事案の概要
日本ガイシが移転価格税制にかかる税務訴訟で、58億円の還付を受けることが確定したとのことです。
https://ssl4.eir-parts.net/doc/5333/tdnet/2099084/00.pdf
米国とポーランドの海外子会社が自動車用排ガス浄化装置の部品を製造する際、技術料を日本ガイシに支払っていたが、適正価格より安価にして同社の所得を海外子会社に移したとして、2010年3月期までの5年間で、約160億円の申告漏れを名古屋国税局が指摘した事案のようです。
訴訟に要した期間
金額も大きいですが、かかった期間が個人的に興味があります。
追徴課税に関する新聞記事が2012年5月9日付けでしたので、国税不服審判所→東京地裁→東京高裁という流れで、ほぼ10年間かかったこととなります。
時系列は下記の通りでした(SD:「移転価格税制に基づく更正処分等の取消訴訟に係る控訴審判決の確定に関するお知らせ」)。
更正処分:2012年3月
審査請求:2014年8月
審判所裁決:2016年6月(一部取り消し)
訴訟の提起:2016年12月
原審判決:2020年11月(請求を概ね認容)
国控訴:2020年12月
控訴審判決:2022年3月10日(期限までに上告及び上告受理申立てがされず確定)
高裁で確定していますが、上告して最高裁までいっていたら、あと何年かかったのでしょうか?
追徴期間が「2010年3月期まで」とのことですので、税務調査の着手は早くて、2010年7月から秋口にかけてかと思われます。
そこから丸一年以上かけて税務調査が行われて、更正処分。
更正処分から審査請求までの期間が、なぜか結構ありますが(不服申立期間は「原処分の通知を受けた日の翌日から3カ月以内」です。)、審判所はほぼ標準処理期間の1年で裁決を出しています。

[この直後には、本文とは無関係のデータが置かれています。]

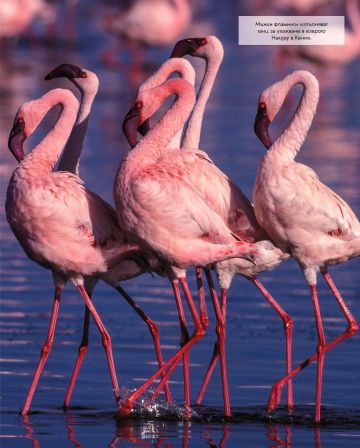 За най-любознателните: ЖИВОТНИТЕ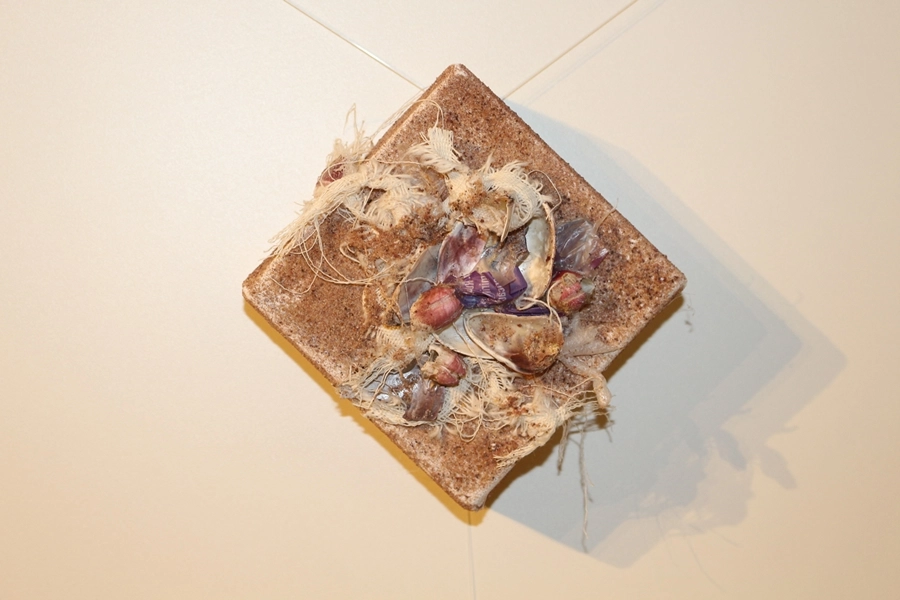 Exposição Oceano – Origem e Presságio – 23, 24, 30 e 31/05/2026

地裁でほぼ4年間かかっており、高裁ではおそらく一回結審(納税者は、国の主張書面を見て、一般的に反論したいと思うであろうということで、1回は反論はしたんですかね。)で、1年ちょっとで控訴審判決となっています。
長いですね。
税務訴訟は、口頭弁論がおおむね3カ月間隔で開催されるので、あっという間に1年過ぎてしまいますが、それでも4年間もかかるなんて、、と思ってしまいます。
期間以外で気になったのですが、ざっくりと公表情報を調べた限りでは、日本ガイシは相互協議の申立てをしていないようです。
相互協議を行ったからといって、必ずしも二重課税が解消されるわけではないのと、訴訟と同じように期間を要するので行わなかったのか、それとも、国税側の指摘内容を見て、日本側で取り返す(訴訟で勝つ)のが、より妥当と判断してだったのか、その判断の経緯が気になります。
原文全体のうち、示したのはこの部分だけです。